Prophy python codec cleanup #16

kamichal · 2018-08-02T23:53:14Z

A step ahead to:

creating wire pattern stamps that can be converted with md5 into a unique version identifier
making debugabble hex dumps in case of decode fail

aurzenligl · 2018-08-03T00:08:02Z

I'll need a while to read into it, most probably on weekend.

coveralls · 2018-08-03T00:08:09Z

Coverage increased (+0.05%) to 99.336% when pulling 7a2e7cd on wire_interface_versioning into 1c60fa2 on master.

aurzenligl · 2018-08-05T20:44:50Z

prophy/data_types.py

+        _SIZE = padding_size
+
+        @staticmethod
+        def encode_mock():


This seems unused.

aurzenligl · 2018-08-05T20:55:26Z

prophy/data_types.py

+    @classmethod
+    def get_descriptor(cls):
+        """
+            FIXME: I'm afraid it rapes YAGNI rule


It's a public mechanism to introspect struct/union layout. It's needed for users who want to implement non-standard algorithms on messages. I see that bricks_walk is essentially the same thing, but instead of returning descriptor for underlying struct/union, it just flattens everything. I suppose it's better to preserve the structure and return a descriptor for nested type, instead of unpacking it as a set of "bricks".

Rationale: "bricking" may be good for stamping schema of prophy message, but they're not good for custom algorithms which print, transform, check, fill, clone, etc. messages. All current internally implemented algorithms in Python prophy codec use recurrence and e.g. call proper struct method if member of struct is another struct. "Descriptor" or - how you called it - "brick" mechanism should probably allow user to do the same, so that boundaries between structs are not removed.

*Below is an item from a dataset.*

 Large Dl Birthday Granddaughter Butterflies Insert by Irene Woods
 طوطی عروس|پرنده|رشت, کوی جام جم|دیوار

See ListFields and Descriptor for reference on protobuf reflection API, which this get_descriptor API is supposed to be modelled after:
https://developers.google.com/protocol-buffers/docs/reference/python/google.protobuf.message.Message-class
https://developers.google.com/protocol-buffers/docs/reference/python/

So... I'd propose to stick to the "descriptor" terminology and design, without flattening, and just extend this mechanism, so that it's complete. "Bricking" (meaning: flattening all fields of message) is just one of many algorithms which can be implemented when one has message descriptors publicly available (and then it could be implemented as free function, because all details relevant to "bricking" algorithm would be available publicly in single message type).

1st: In protobuf:

ListFields(self)
Returns a list of (FieldDescriptor, value) tuples for all fields in the message which are not empty.
Fields are returned with its value. The "get_descriptor" returns neither values nor paddings if any is there.

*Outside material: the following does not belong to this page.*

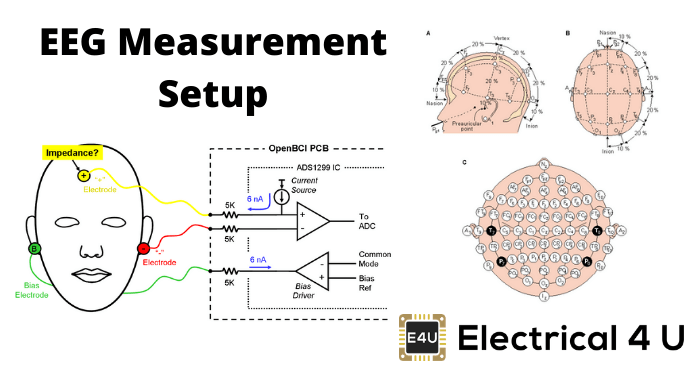 EEG测量设置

2nd. To determine unique identifier of the class stamp I need to iterate through each brick of each subclass and make it flatten. Consider this:

class Struct(prophy.with_metaclass(prophy.struct_generator, prophy.struct)): _descriptor = [("x", prophy.u32), ("y", prophy.u32)] class Host(prophy.with_metaclass(prophy.struct_generator, prophy.struct)): _descriptor = [("a", Struct), ("b", Struct)]

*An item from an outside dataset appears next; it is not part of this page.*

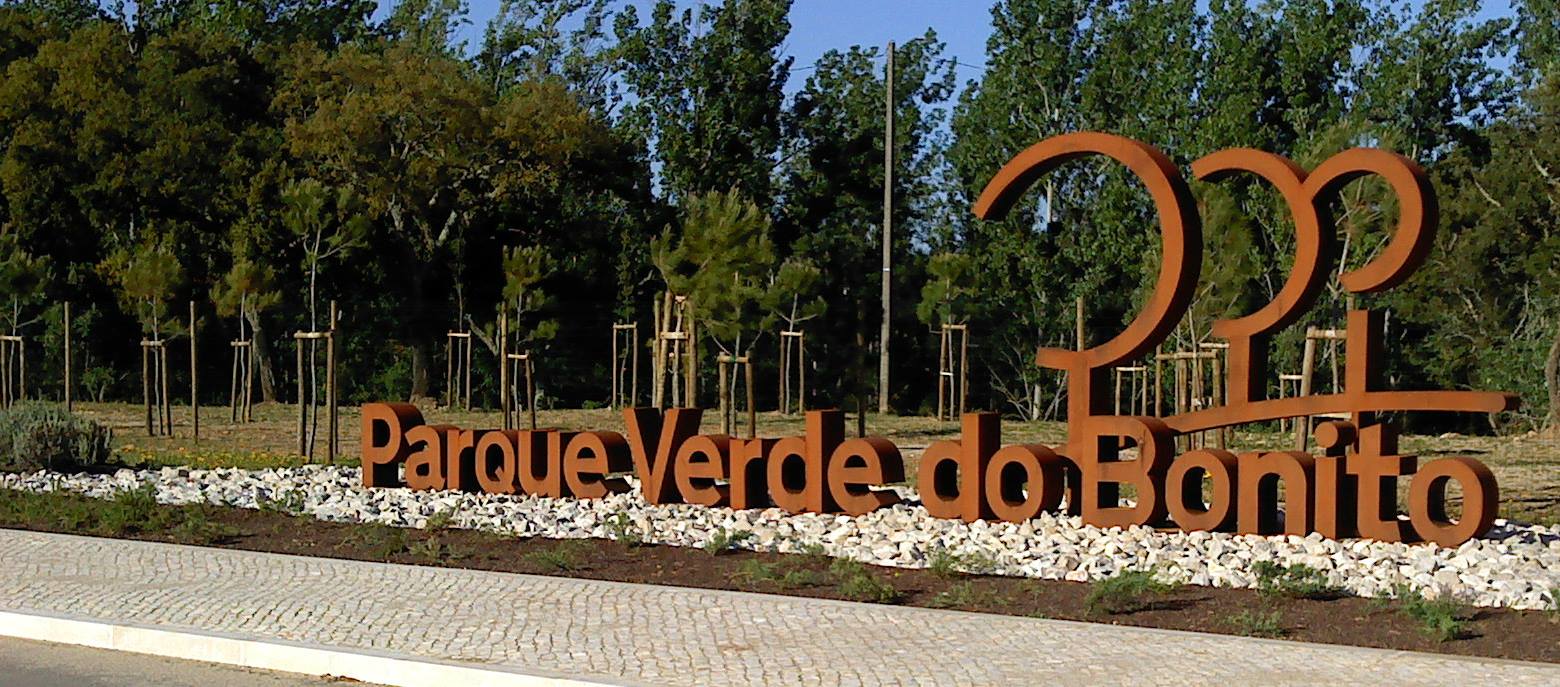 11076837 440675766094944 8697416779812582217 o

What if Struct.x changes type to say u64?
Iterating through Host.get_descriptor() will not notice any difference:
[('a', <class 'Struct'>, ('STRUCT', 4)), ('b', <class 'Struct'>, ('STRUCT', 4))]
Yes, then I could go recursively deeper, flatten the list, turn into strings and then meld-up with hashlib.md5 to get an wire interface identifier. It's possible, but not satisfying, because my point is to also dig into bytes-stream decode/encode debugging. Then getting information about paddings becomes essential. Walk across the wire and tell/report what happened.

But going back to the Host.Struct case. What if the Struct becomes optional? The Host.get_descriptor will return exactly the same: [('a', <class 'Struct'>, ('STRUCT', 4)), ('b', <class 'Struct'>, ('STRUCT', 4))]
The optional field wil be not included.

I don't know if the get_descriptor is used by anybody. I assume it is and I decided to make a similar mechanism aside - iterating the "bricks_walk".

ListFields(self)
Returns a list of (FieldDescriptor, value) tuples for all fields in the message which are not empty.
Fields are returned with its value. The "get_descriptor" returns neither values nor paddings if any is there.

Yes, current get_descriptor is quite limited and should be enhanced. In defence of protobuf - they don't have the problem of padding, so they don't have to describe it. And when it comes to optional fields... there is some API in protobuf which allows to get a list of all fields, not only filled ones, but I don't quite remember which ;) I used protobuf as an example - to explain that it exposes publicly details about its schema in Python codec, so that users can do virtually anything with protobuf messages without necessity of changing protobuf implementation (which would be a hassle).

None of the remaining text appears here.